Ok, so we've agreed that having a knife, even if it is a makeshift one, is a good idea, so the next step is to gather together the items you are going to need to make one. Once you have them then we can go through the process of producing a sharp edge for your knife.
The first item you want to look for is thin stone, preferably something that resembles flint or slate. This is going to be the stone used for the blade of your knife. Ideally, you want one which is about the size of your palm. If there are any rivers or stream nearby, these are good places where the sort of stones you are looking for can found. Look for pieces that have smooth, glass-like sides. The reason we are looking for stones like flint or slate is that when they shear, they often do so into pieces which have naturally sharp edges.
Now you want to look for another stone, but this time you want one which is very hard, with rough edges, as this is going to be used to chisel the first stone into the shape of a blade. Again, we want the size to be small enough to fit into the palm of your hand. You are going to be striking this stone against the first in order to shape it, so the emphasis must be on this stone being solid and hard.
It is important that before you start striking one stone against the other, that you hold each of them correctly. If you don’t, you'll either fail to chip away anything, or you'll strike your fingers, which will undoubtedly be very painful. What you should do first is hold the blade stone firmly in the palm of your weaker hand. In other words, if you are right-handed, hold it in your left hand, and vice versa.

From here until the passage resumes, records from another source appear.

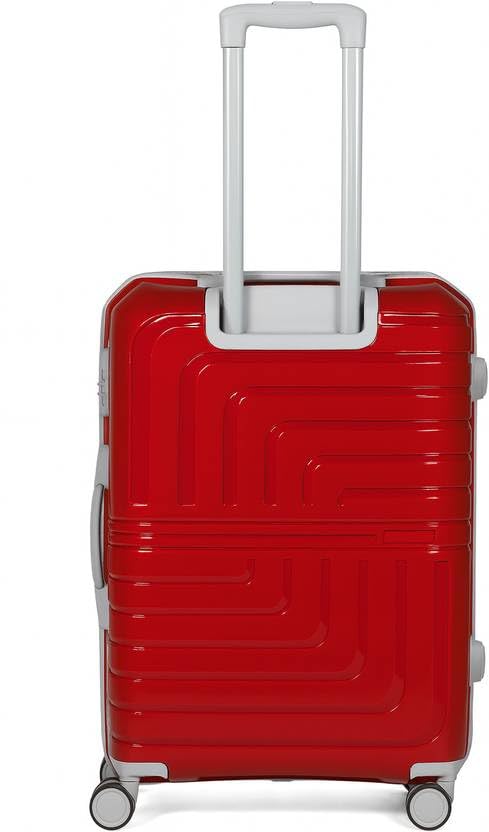 Image of Pro 8 Wheels Set of 2 (Cabin + Medium) Trolley Bags, Hard Case Polypropylene, 360º Wheeling Luggage for Men & Women, Suitcase for Travel, Trolley Bags for Travel (Red)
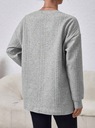 SHEIN GREY СВИТШОТ ДЛЯ БЕРЕМЕННЫХ BASIC 38 ЛЯ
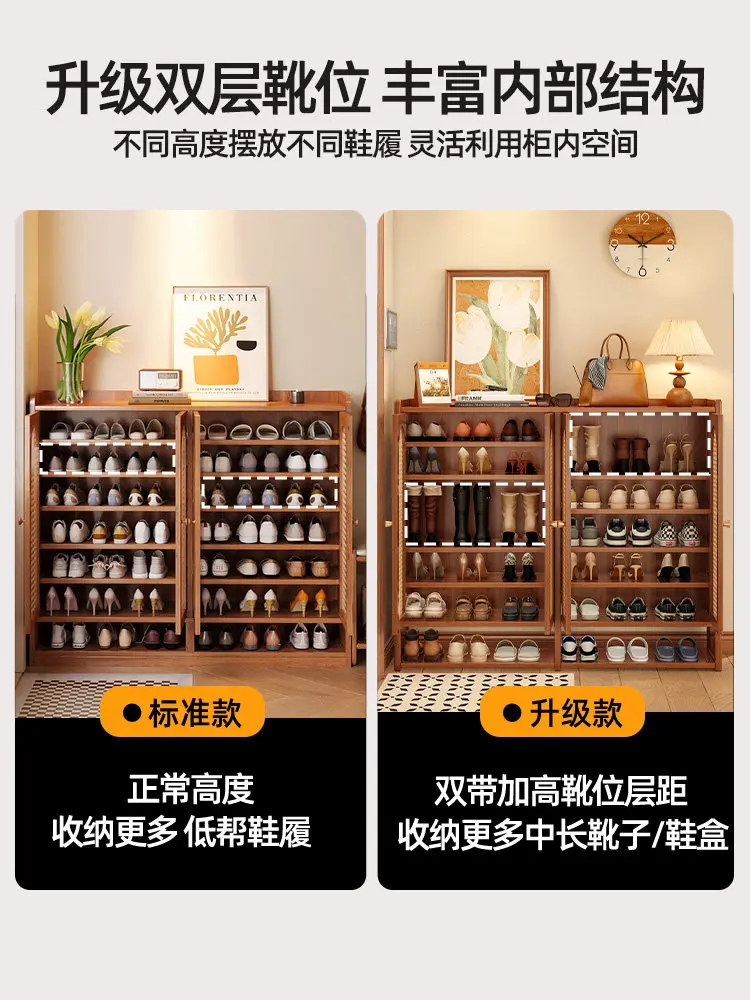 Shoe rack household entrance multi-layer indoor entrance door dustproof and breathable Nanzhu shoe cabinet corridor simple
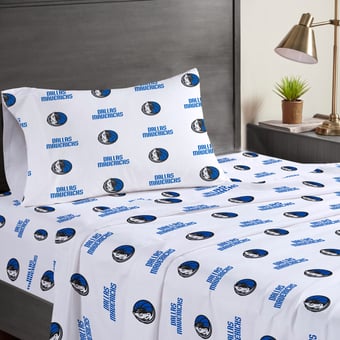 Pegasus Dallas Mavericks Three-Piece Twin Sheet Set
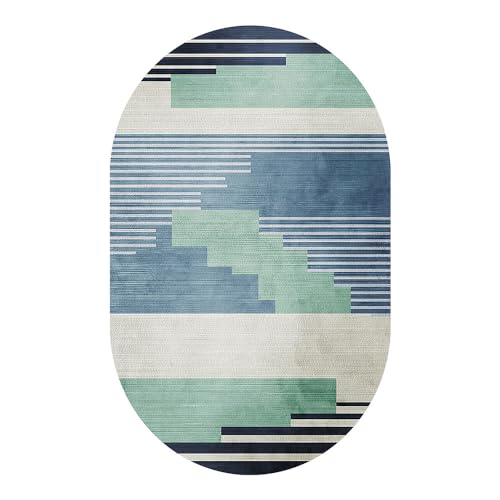 Tapis à poils courts lavable moderne 90x150 cm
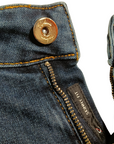 CafèNoir women's jeans trousers Denim Skinny c7 JJ1017 B008 medium dark blue 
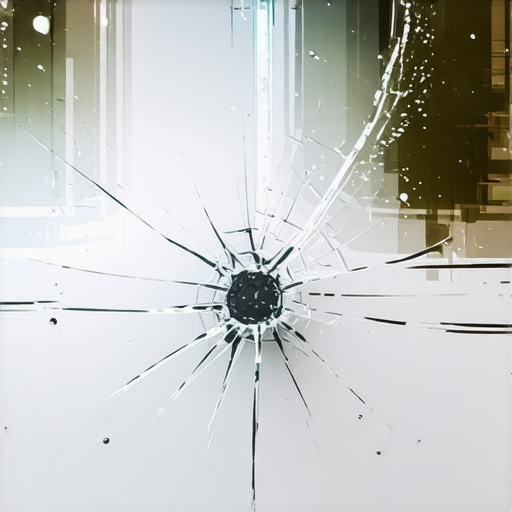 Why some windshield chips look silver or black from the inside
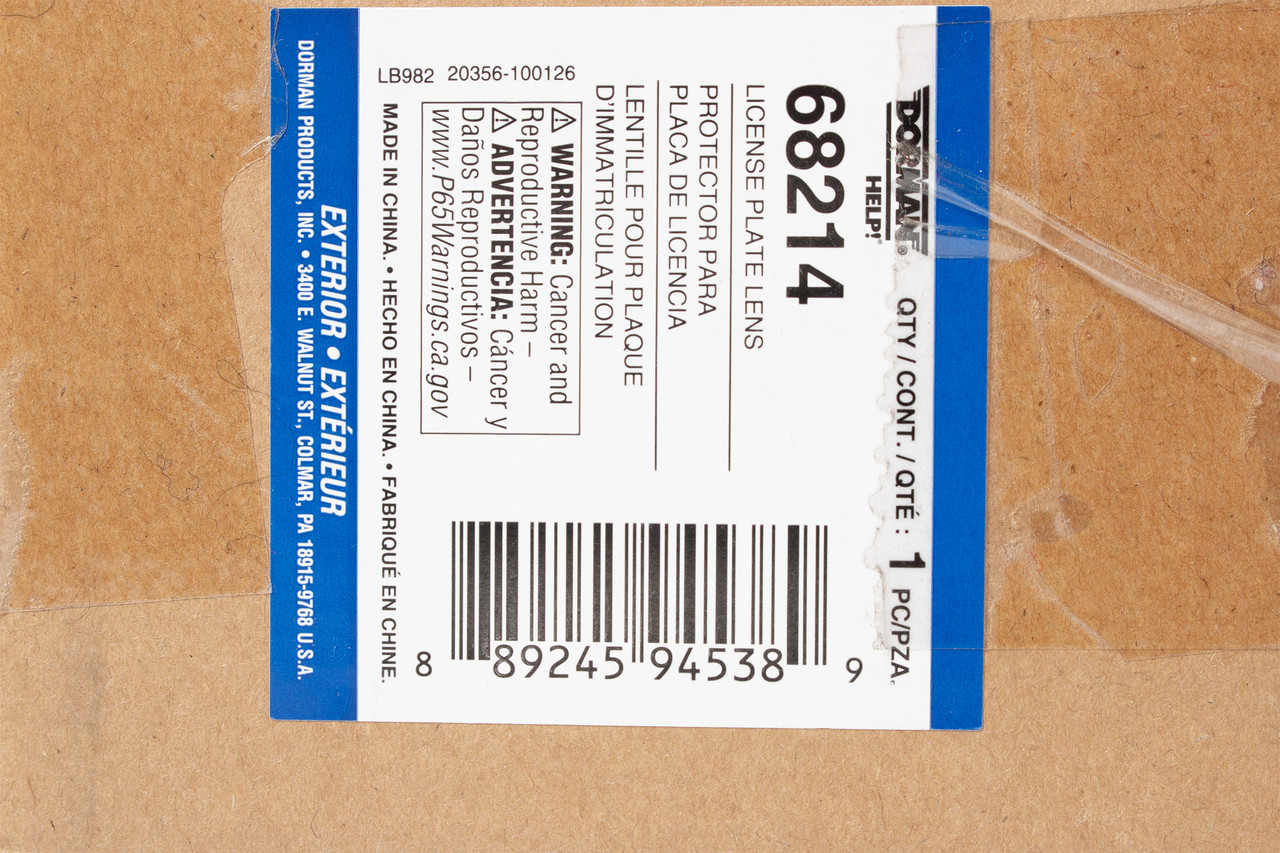 Dorman License Plate Lamp Lens Fits 17-22 Ford F-Series Super Duty Pickups 68214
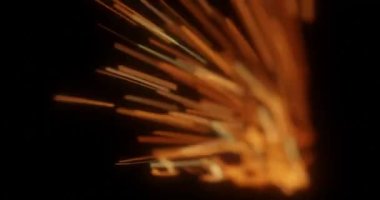 3d render of welding or grinding sparks in black background.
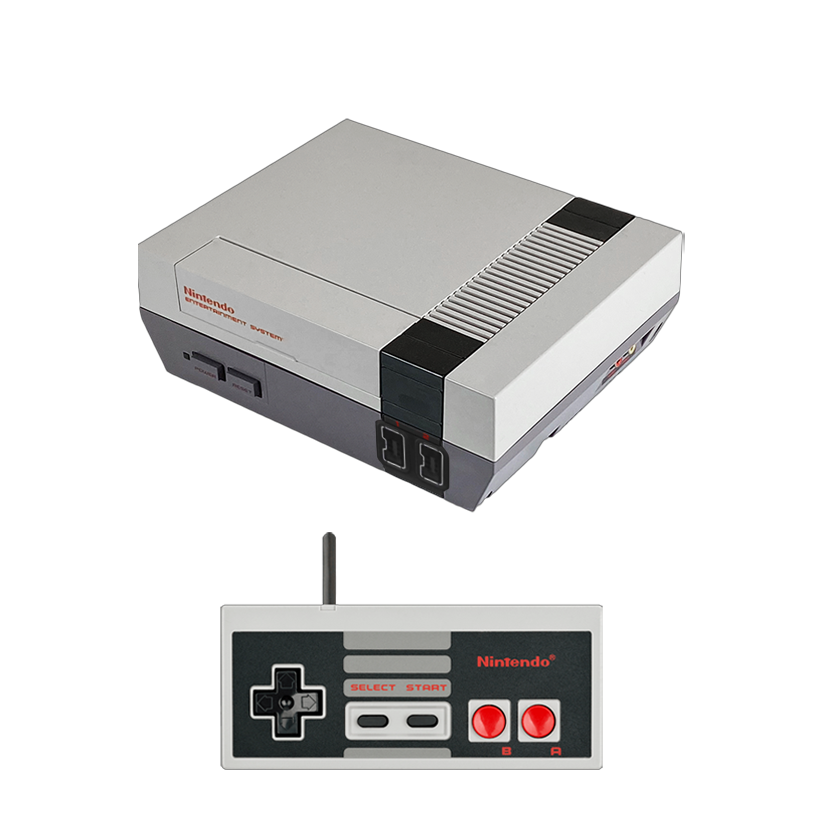 Набор Консоль Nintendo NES Classic Mini Europe Light Grey + 30 Встроенных Игр Б/У  + Геймпад Проводной - Retromagaz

Now, assuming the chisel stone is in your stronger hand, strike it against the other stone at an angle of 45 degrees. This should start chipping away the edges of the weaker stone and eventually produce a sharp edge on it. Continue this striking process until you have 2/3 of the blade stone with a sharp edge
If you have carried out steps 1 to 3 correctly you should have enough of the stone left which you can then rub the harder stone against, in order to form a smooth handle for your knife.